C'est cette menace qu'il faut déterminer quand on est précisément dans l'indéterminable. «C'est toute la difficulté. Les juges discutent, examinent les faits qui leur sont exposés par le rapporteur et par les requérants. Ils cherchent une cohérence interne, avec le moins de variations possibles dans le récit, et une cohérence externe, c'est-à-dire avec le contexte géopolitique», observe l'ex-juge avec l'œil du sociologue.

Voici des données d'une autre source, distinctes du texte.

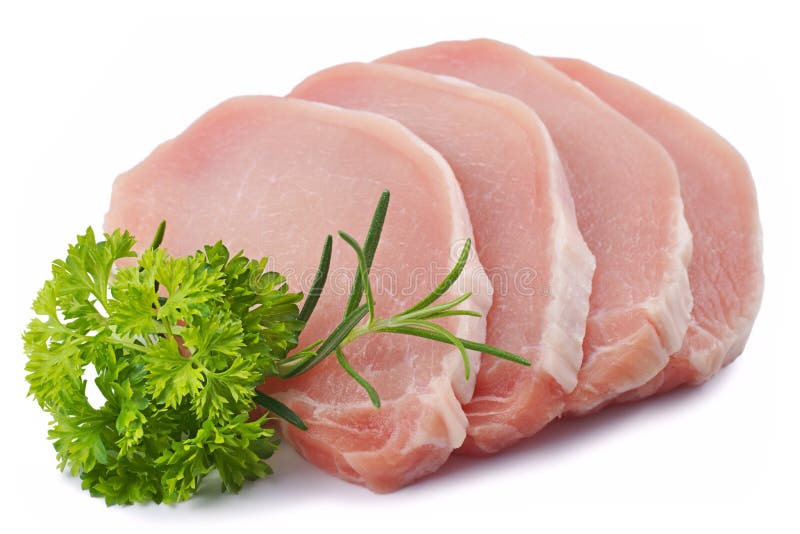 Fleisch, Schweinefleisch, Petersilie, Rosmarin, schneidet Schweinelende auf weißem Hintergrund lizenzfreies stockbild Fleisch, Schweinefleisch, Petersilie, Rosmarin, schneidet Schweinelende auf weißem Hintergrund lizenzfreies stockbild
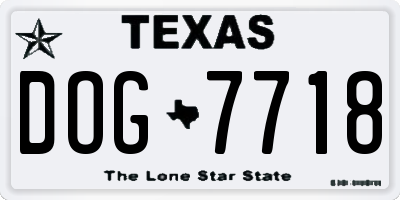 TX license plate DOG7718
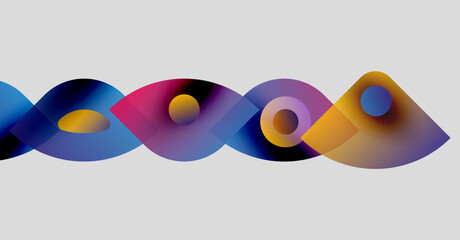 Wall Mural - abstract colorful shapes overlap, creating flowing wave pattern. gradient hues blend, forming dynami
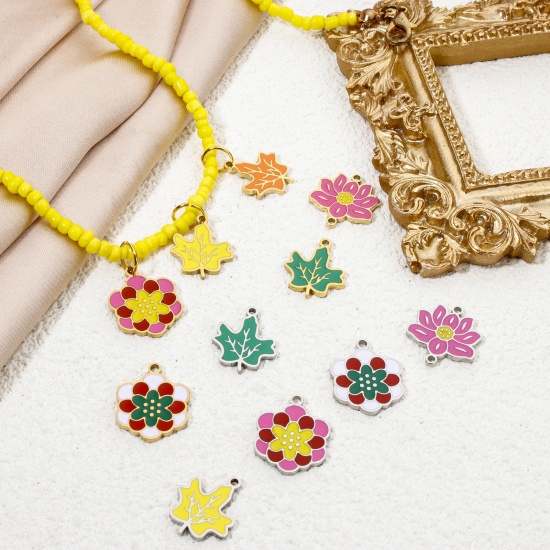 Immagine di 2 Pz Ecologico 304 Acciaio Inossidabile Stile Pastorale Ciondoli Foglia d'Acero Multicolore Fiore Smalto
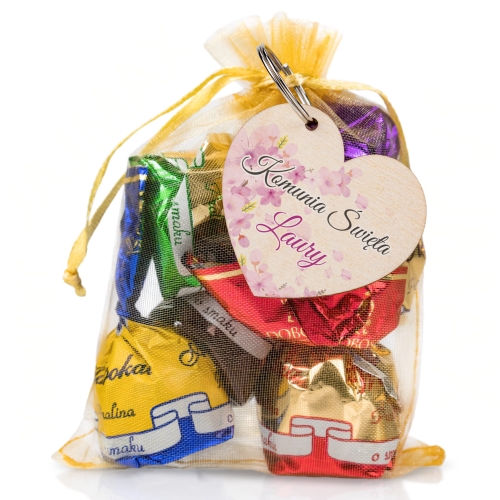 Podziękowania komunia zestaw cukierki plus breloczek serce dla gości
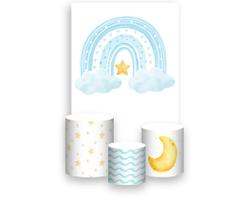 Painel De Festa Vertical 1,50 x 2,20 + Trio De Capas Cilindro - Arco-Íris Boho Azul 004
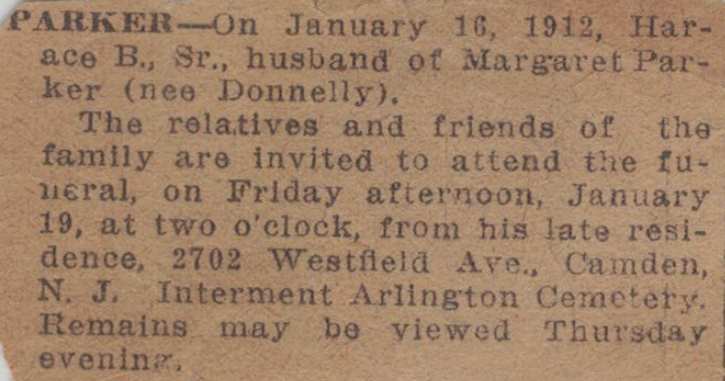 Undetermined Camden newspaper obituary for Horace B. Parker Sr., January 1912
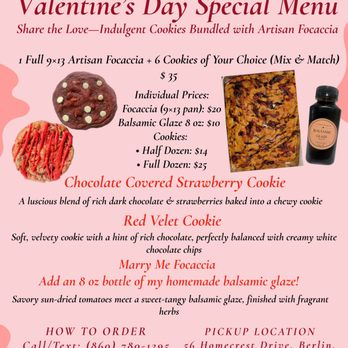 Bombardier Barn - valentine's Day menu 2026 - Bakeries Near Me - Berlin, Connecticut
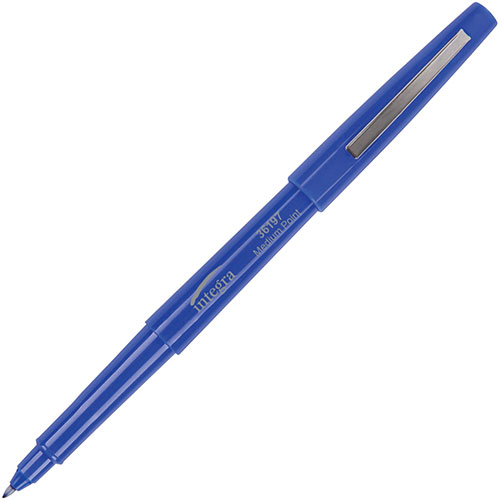 Integra Resin Tip Pen, Med Pt, Blue Barrel/BE Ink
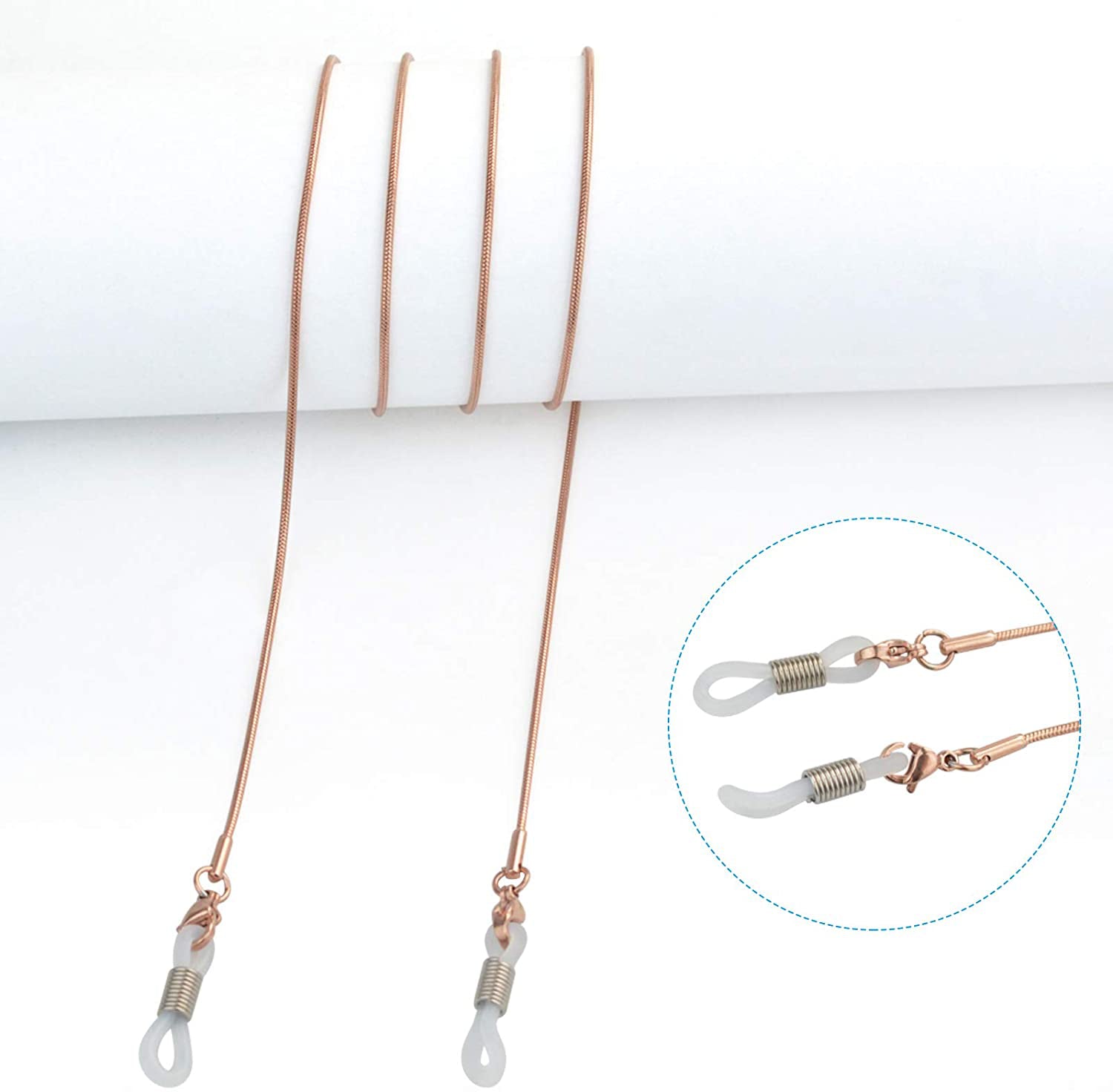 Stainless Steel Eyeglass Holder Chain 80Cm Eyeglass Necklace Chain Rose Gold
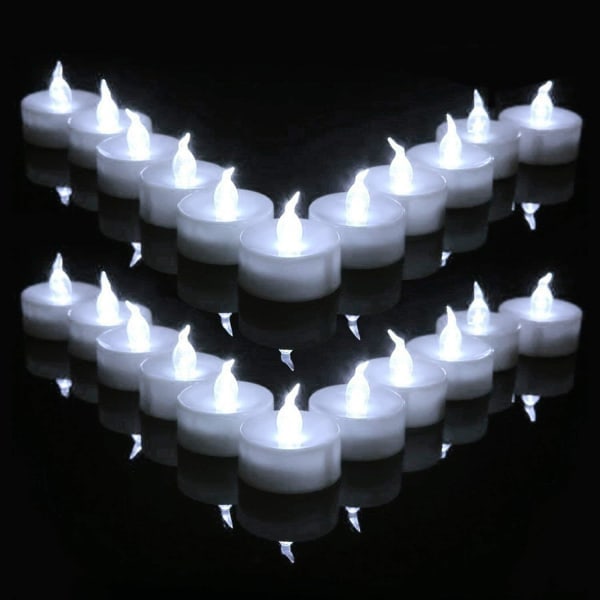 LED Varmelys, 12-pakke Flammeløse Lys, Batteridrevet, til Jul, Bryllup, Bursdag, Halloween Gaver, Hjemmedekor i Kald Hvit
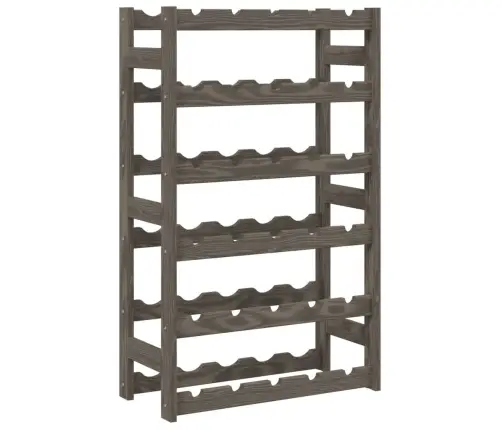 Vīna Pudeļu Plaukts 30 Pudelēm, Pelēks Priedes Masīvkoks Vidaxl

Un bout de dialogue permet de mesurer l'écart qui sépare les juges des requérants, assistés d'une traductrice et d'un avocat qui la plupart du temps découvre le dossier. La présidente s'agace, elle ne comprend pas pourquoi le couple n'a pas fait confiance à des fonctionnaires de l'Ofpra croisés dans un camp de réfugiés en Jordanie : «Mais enfin les représentants de l'Ofpra sont dignes de confiance.» Elle pose une égalité : fonctionnaire - honnête - bienveillant qui échappe totalement à ses interlocuteurs. «Mais pourquoi ont-ils menti à l'Ofpra ?» insiste la magistrate en s'adressant à l'avocat. Mentir, dire la vérité… Personne n'a de réponse.

Sans regarder sa montre

Croire à l'incroyable tente d'apporter une explication académique à ce jeu de l'impossible quête de vérité. Vers la fin de l'ouvrage, Laacher écrit une phrase presque désespérante : «Il m'importe peu de dénombrer les vrais que l'on pourrait aisément distinguer des faux réfugiés. J'en suis incapable, et, en réalité, je peux l'affirmer sans risque d'erreur, personne ne le sait.»

On est là au cœur de la cour des miracles définie comme un espace dans lequel la vérité du jour disparaît avec la nuit. Smaïn Laacher tente une dernière définition : «Il faut essayer d'être juste, en sachant que ça n'a pas grand sens. Faire semblant que "ça va marcher", en sachant que "ça ne marchera pas", sans regarder sa montre.»